All my life, without knowing it, I’ve quietly existed on a somewhat local diet, at least for the summer months. Some of my fondest childhood memories, include skipping to the garden at the back of our yard, basket in hand, to pick whatever was available. I was an artist watching and waiting for the tomatoes to turn the perfect shade of red. I was a scavenger searching under leaves to find as many string beans as I could. I was a zoologist identifying good bugs versus bad bugs and eradicating the bad ones. (What child doesn’t love to squish a bug under her fingers?) I was a mother, nurturing the plants by talking to them and helping my dad water them. I was a consumer, eating anything and everything I helped grow. I was and I remain a gardener at heart. I’ve never done it for any other reason than I enjoy watching and helping things grow.
This weekend, between tying up the tomato plants (they’re so big!) and working the soil where the lettuce was to make room for some new plants, I read Barbara Kingsolver’s Animal Vegetable Miracle. Just in case you haven’t heard of it, Animal, Vegetable, Miracle is about Kingsolver and her family’s one year mission to eat nothing but local food. It inspired me to really think about where my food comes from and the impact it’s journey has on mother earth.
A few years ago, I became a pescatarian because I learned of the adverse effect of mass-produced meat on the environment. After reading, Animal, Vegetable, Miracle, I am wholeheartedly committed to never eating mass-produced meat of any kind again. However, this book has me considering eating locally, organically, kindly produced meat. While I still don’t think I could ever kill a cow and therefore probably won’t ever eat beef or steak again, after reading her thoughts about raising and killing poultry (chickens and turkeys), it’s not something I’m totally against. This book isn’t necessarily what you’d expect.
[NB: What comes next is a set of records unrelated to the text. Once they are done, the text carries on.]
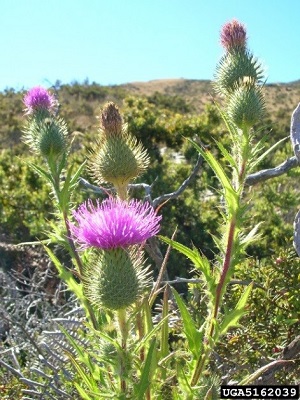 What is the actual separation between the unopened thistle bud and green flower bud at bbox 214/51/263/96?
0.57 m

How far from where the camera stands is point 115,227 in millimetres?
1945

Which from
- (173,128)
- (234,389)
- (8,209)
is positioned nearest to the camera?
(234,389)

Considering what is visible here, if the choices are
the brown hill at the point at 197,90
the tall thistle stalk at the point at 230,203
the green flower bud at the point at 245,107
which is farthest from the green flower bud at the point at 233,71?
the brown hill at the point at 197,90

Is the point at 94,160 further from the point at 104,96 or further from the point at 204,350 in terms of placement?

It’s all about the importance of knowing where your food comes from and knowing how you’re affecting the environment with your food choices.
When I was younger, I remember looking at a sticker on some food store produce, thinking “Wow this vegetable was grown in Ecuador! That’s so cool, I wish I had been to Ecuador.” Years later, I’d become so accustomed to going to the grocery store to pick up produce in the winter that I’d stopped thinking about it. Having just read this book, it’s at the forefront of my thoughts. While, I try to shop at farm stands, I look forward to my weekly CSA share, and I adore a farmer’s market, I never really did any of those things to be a locavore. I did them, because I knew the produce was better.
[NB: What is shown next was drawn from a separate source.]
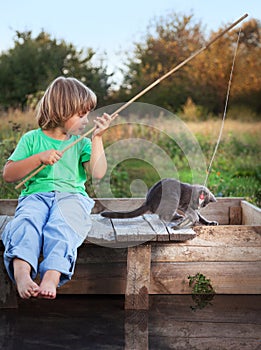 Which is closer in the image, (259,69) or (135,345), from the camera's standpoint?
(135,345)

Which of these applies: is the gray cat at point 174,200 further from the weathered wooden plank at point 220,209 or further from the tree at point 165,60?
the tree at point 165,60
While, I understand that eating only local food is an immense challenge, and not one that everyone can meet as wholeheartedly as Kingsolver, this book (as well as Tomatoland which I read last week) have both made me consistently question where my food comes from, which is possibly the best thing I could have taken away from reading them. So I’m not going to make an outrageous promise to only eat food produced within 100 miles of my location, this just isn’t something I can do, at least now while I still live at home (with parents who provided emotionally based, pretty stupid arguments against some key points I announced while reading – Sorry Mom, but potatoes keep for six months in a dark area, so claiming that the US ships out 1.1 million pounds while receiving 1.4 million because of when they’re in season is shapoopy.) What I am promising, is that I’m going to always consider where my food comes from in purchasing decisions. I will try to eat seasonally as much as possible. And lastly, I will attempt to make my diet about 90% American produced. I figure at least that’s better than getting stuff from South America or Europe right?
I know these “promises” are pretty tiny and insignificant compared to what I should do, but what I should do, just doesn’t seem plausible yet. And every journey begins with a single step so I have to start somewhere! I have a challenge for you, while I slowly step away from my banana-a-day habit, why don’t you read Animal, Vegetable, Miracle and/or start really considering where you get your food from.
I won’t preach about how important it is to eat locally. It is important to me, but my opinions and feelings about it might never match yours. Instead, I ask you to educate yourself about the subject. Read the book, please. I’m begging!